After finding the line with "Tablet Screenshot of ofenkachel.de" in the entries below, copy that line and each one after it exactly, through the last line, and omit pictures.

Brief descriptive captions
☆ ☆ ☆

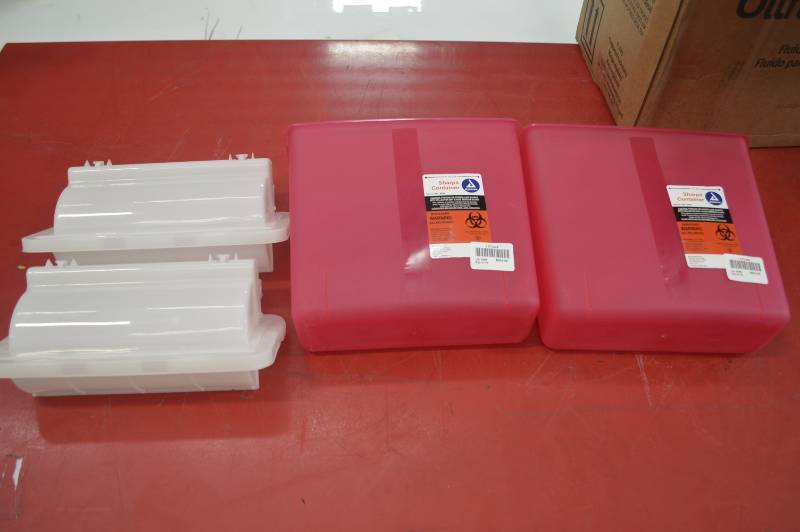 lot 2128 image: SHARPS CONTAINERS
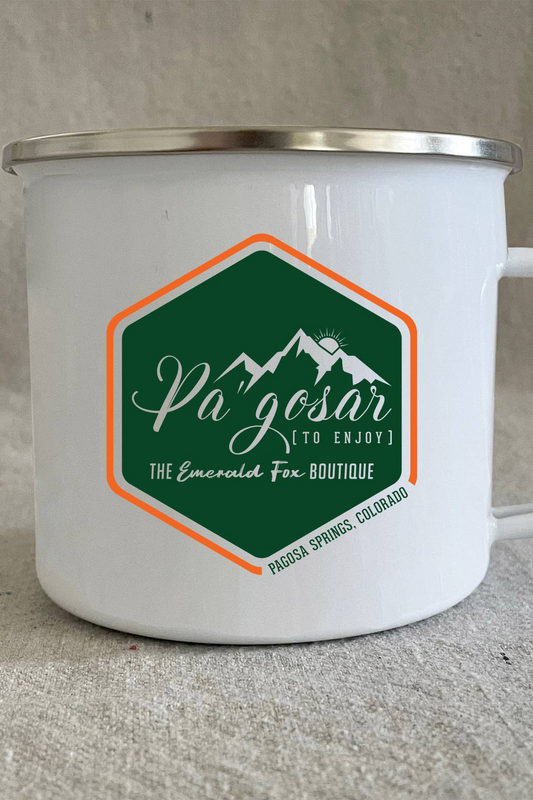 Enamel Camper Mug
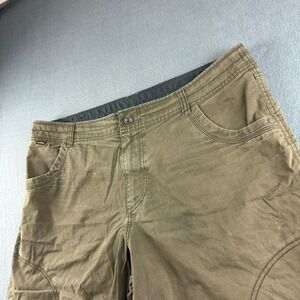 Kuhl Shorts Men's 40 Brown Ramblr Hiking Gorpcore Outdoor Trail Stretch Flat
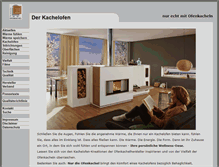 Tablet Screenshot of ofenkachel.de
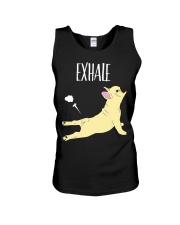 Bulldog Dog French Bulldog Yoga Exhale Unisex Tank tile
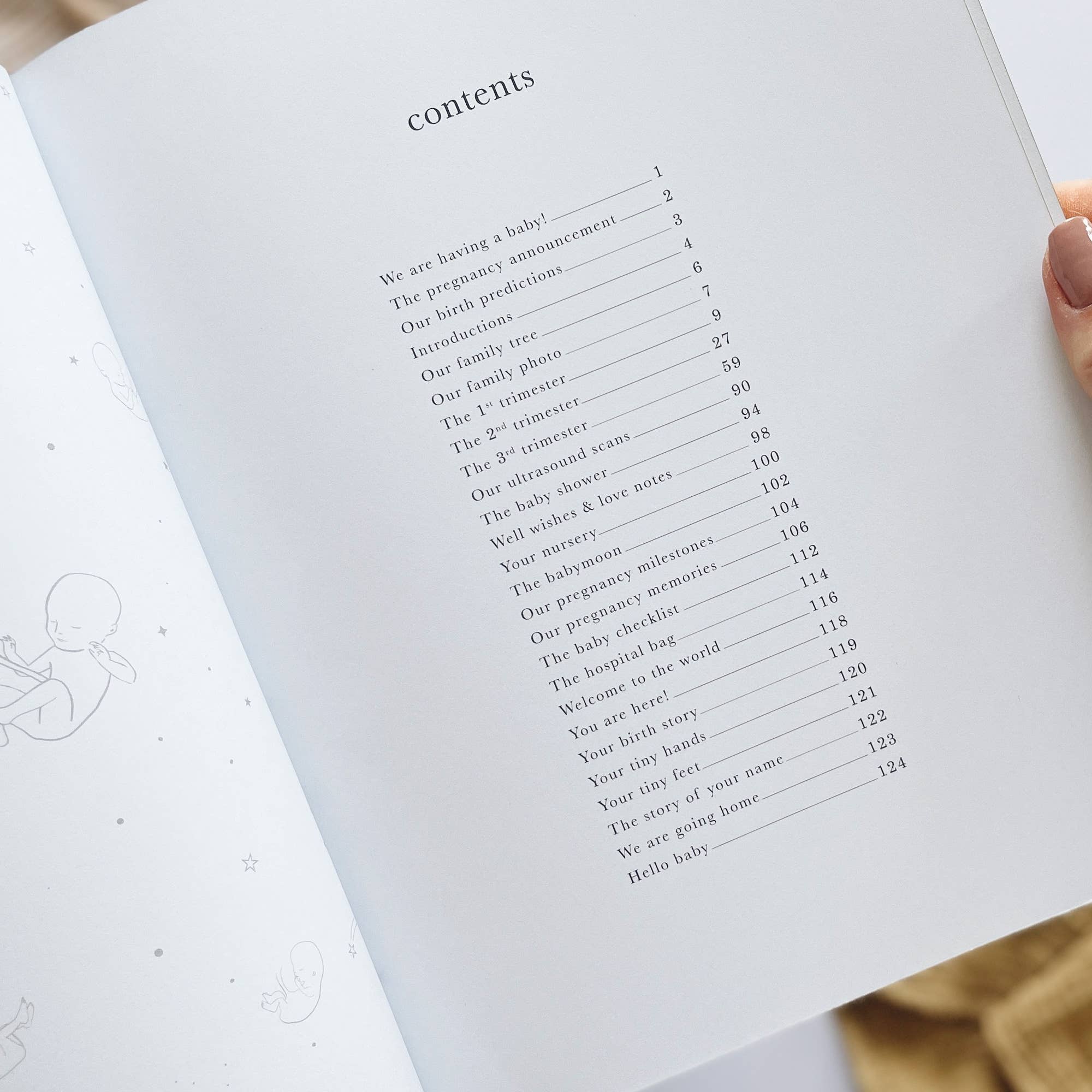 Pregnancy Journal (Pearl) - keepsake parents to be journal by Blush And Gold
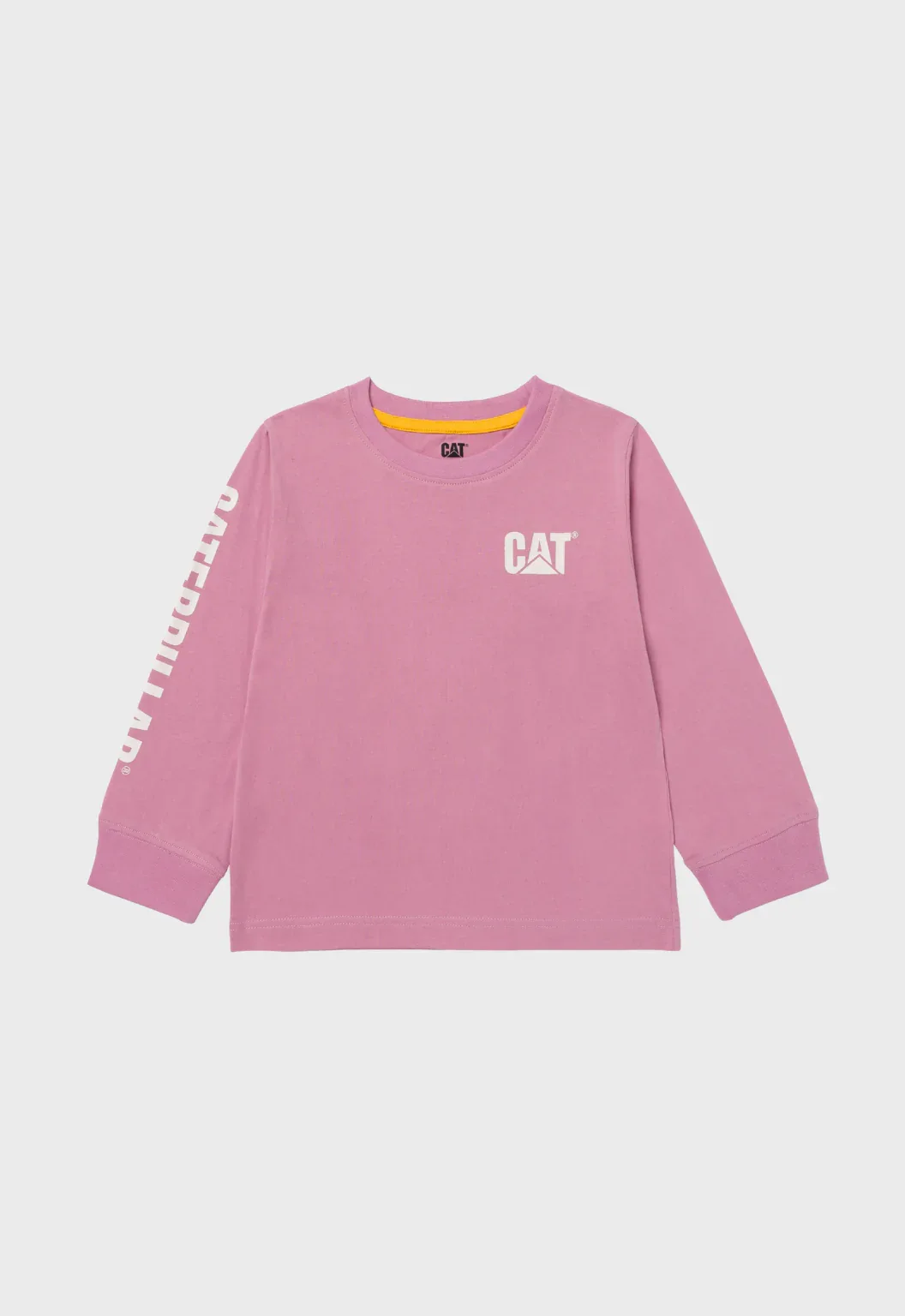 Kids L/S Banner Tee - Lilas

☆ ☆ ☆

Your response:
 Tablet Screenshot of ofenkachel.de
 Bulldog Dog French Bulldog Yoga Exhale Unisex Tank tile
 Pregnancy Journal (Pearl) - keepsake parents to be journal by Blush And Gold
 Kids L/S Banner Tee - Lilas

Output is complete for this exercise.